The southward limit of Russian territorial claim - to south of the mouth of the Columbia - was revised in light of initial protests by the US and Britain to 51° N latitude, known as "the line of the Emperor Paul", first having been established by the Ukase of 1799 during the reign of Emperor Paul I of Russia. "The line of the Emperor Paul" boundary had been revised northward to 55° north latitude in 1802 (51° N latitude corresponds, roughly, to the northern tip of Vancouver Island at Cape Scott). American and British diplomats and commentators strenuously objected to news of the Ukase of 1821, noting that American, British and French fur-trading vessels had frequented Norfolk Sound (Sitka Sound) before Russia had ever extended its claim eastward; the British pointed out that the landings and explorations of Captains Cook and Vancouver pre-dated any Russian assertion of sovereignty, and claimed (controversially) that British vessels had pioneered the region's fur trade before those of any other nation.

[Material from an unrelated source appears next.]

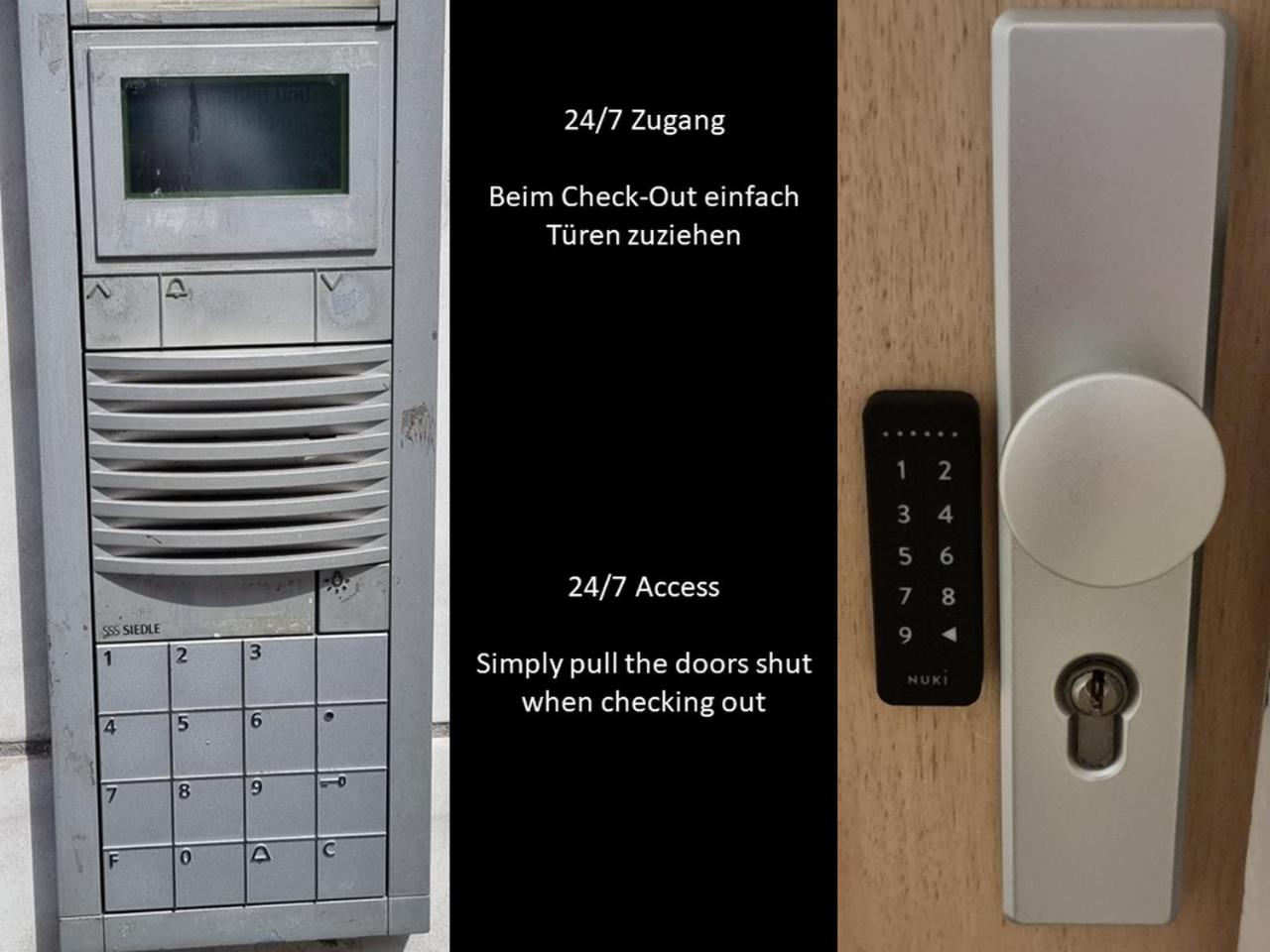 Messe, Monteure, Budget - Einfache komfortable 2 Personen Wohnung (22qm) mit Vollausstattung (WLAN 250 Mbit, TV 55 Zoll m. Netflix) - Hochwertige Küche und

Extended negotiations and exchanges of diplomatic notes and missions by Great Britain and the U.S.A. led to the signing of both the Russo-American Treaty of 1824 and the Anglo-Russian Convention of 1825. In them Russia agreed to cede all claims south of 54°40′ N latitude. The 54°40′ N latitude line was proposed by the British, as general negotiations had focussed on 55° north latitude, but part of the Russian terms was a desire to retain all of Prince of Wales Island, the southern tip of which is at 54°40′ N latitude. British diplomats were less concerned about any eventual land boundary than they were about freedom of navigation in the North Pacific. In addition to the adjustment to include all of Prince of Wales Island within the Russian sphere, the Anglo-Russian Convention of 1825 also established the principle of the lisière, a vaguely defined strip of mainland extending inland ten leagues from the sea, and also included wording concerning the marine boundary north from Prince of Wales Island's southern tip. The latter items mentioned figured prominently in the Alaska boundary dispute of 1821–1903.

== Consequences ==
The only attempt to enforce the ukase occurred in 1822, when the Russian sloop Apollon seized the American ship Pearl on its way from Boston to Novoarkhangelsk (now known as Sitka, Alaska). When the American government protested, the vessel was released and compensation was paid for the detention.

Washington responded to Russia's 1821 ukase in the Monroe Doctrine, promulgated in 1823.